Siyaset bu kadar hareketliyken gündem dışı görünen bir konuda yazmak oldukça zor olurdu. Böyle bir ihtimal aklıma hep “Penguen Belgeseli” olayını getirir. Sene 2013, Gezi olayları döneminde, ana akım medyaya iktidar tarafından sert bir müdahale olmuştu. Penguen Belgeseli olayı, CNN Türk televizyonunda bu nedenlerle vuku bulmuştu. CNN Türk’ün o dönemki sahibi Aydın Doğan, 2 yıl sonra yapılanı “şapşallık” olarak niteledi. Artık böyle bir risk yok gibi. Benimki nostalji. Sonuçta televizyonlarda kontrol edilmeyen hiçbir program ve konuk kalmadı.

İlginç olan muhalif görünen televizyon kanalları için de bu, geçerli hale geldi.

Kürt meselesinin Kürtsüz konuşulduğu programlar düşünülünce, Müesses Nizam’ın tüm neferleri ile hipnotik yayınlara devam ettiğini söyleyebiliriz. Yani bir nevi “Kollektif Penguenizm”.

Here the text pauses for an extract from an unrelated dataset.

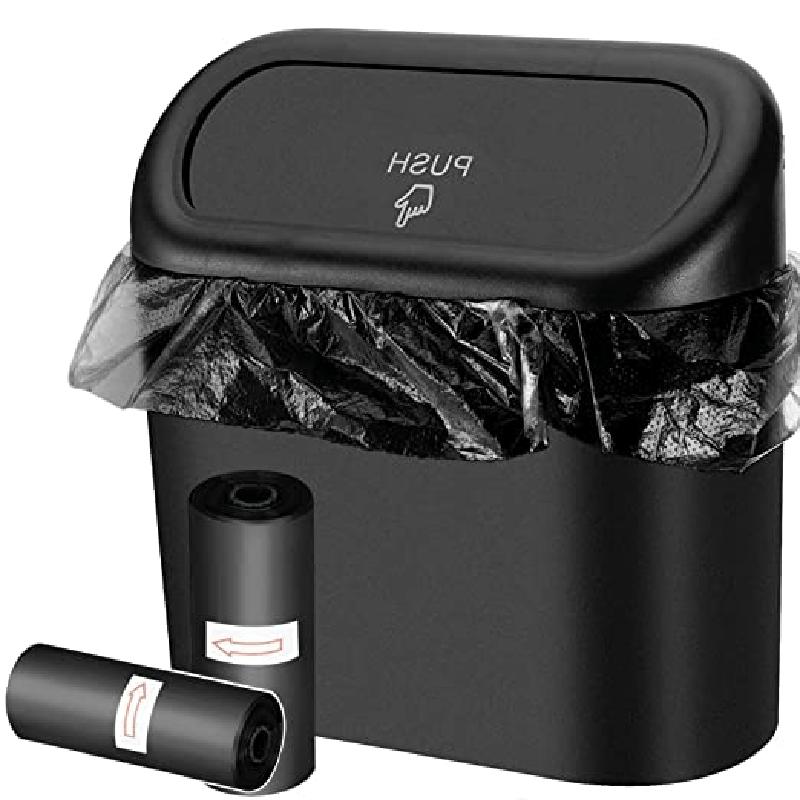 Leak-Proof Mini Car Trash Can with Lid &amp; 2 Packs of 70 GarbaBags - The Perfect Car Accessory!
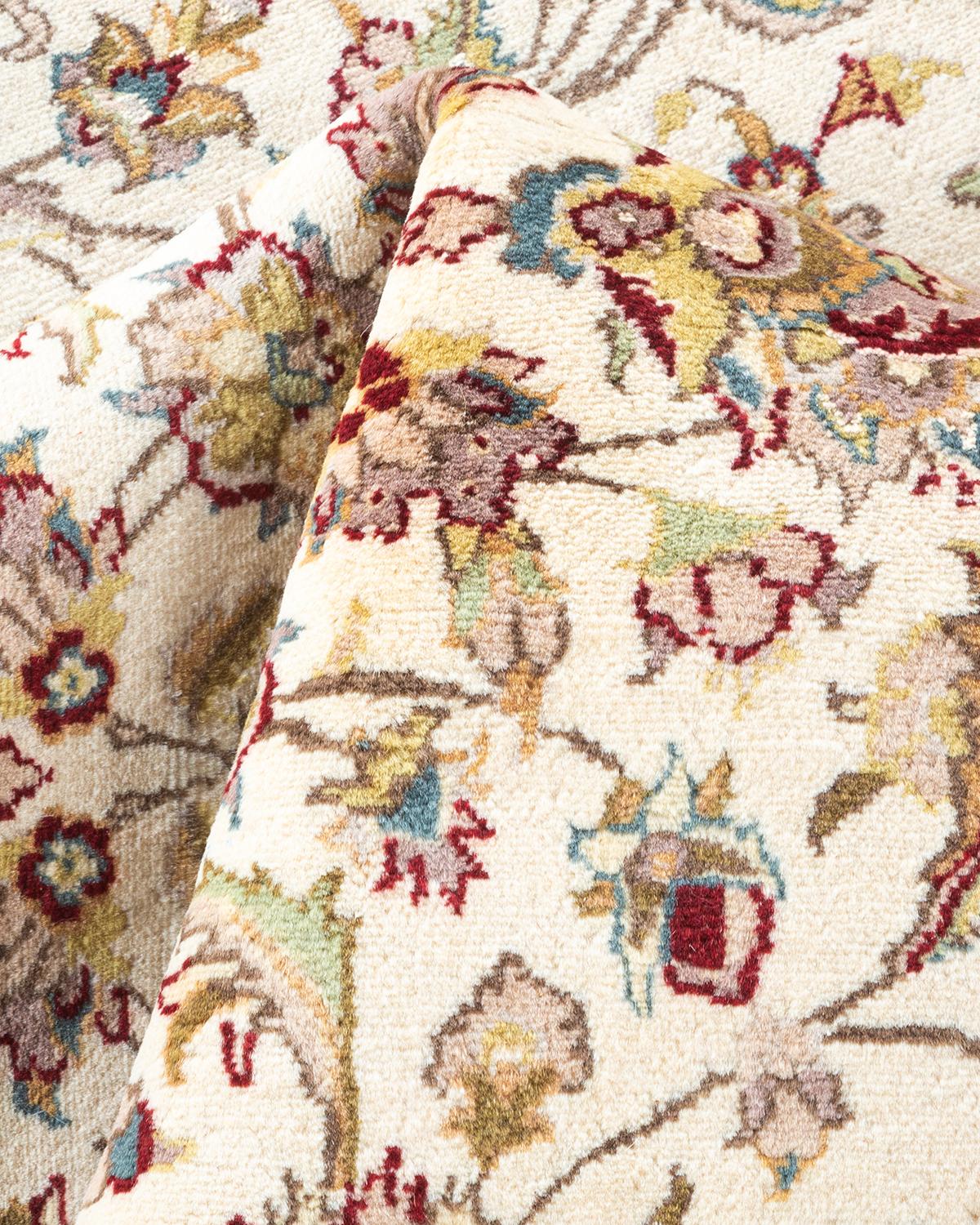 Einzigartiger handgeknüpfter traditioneller orientalischer Mogul-Teppich in Elfenbein im Angebot 1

Penguenizm her gün ekranlarda, gazete köşelerinde ve YouTube kanallarında Kürt meselesini el birliği ile gömmeye çalışıyor. Uyanık olalım! Sağı solu bu vakitlerde pek fark etmiyor. Kürt meselesi söz konusu olduğunda ayarlar bozuluyor. Fabrika ayarları baki kalıyor. Ülkenin sosyalisti bir anda nasyonalist olabiliyor.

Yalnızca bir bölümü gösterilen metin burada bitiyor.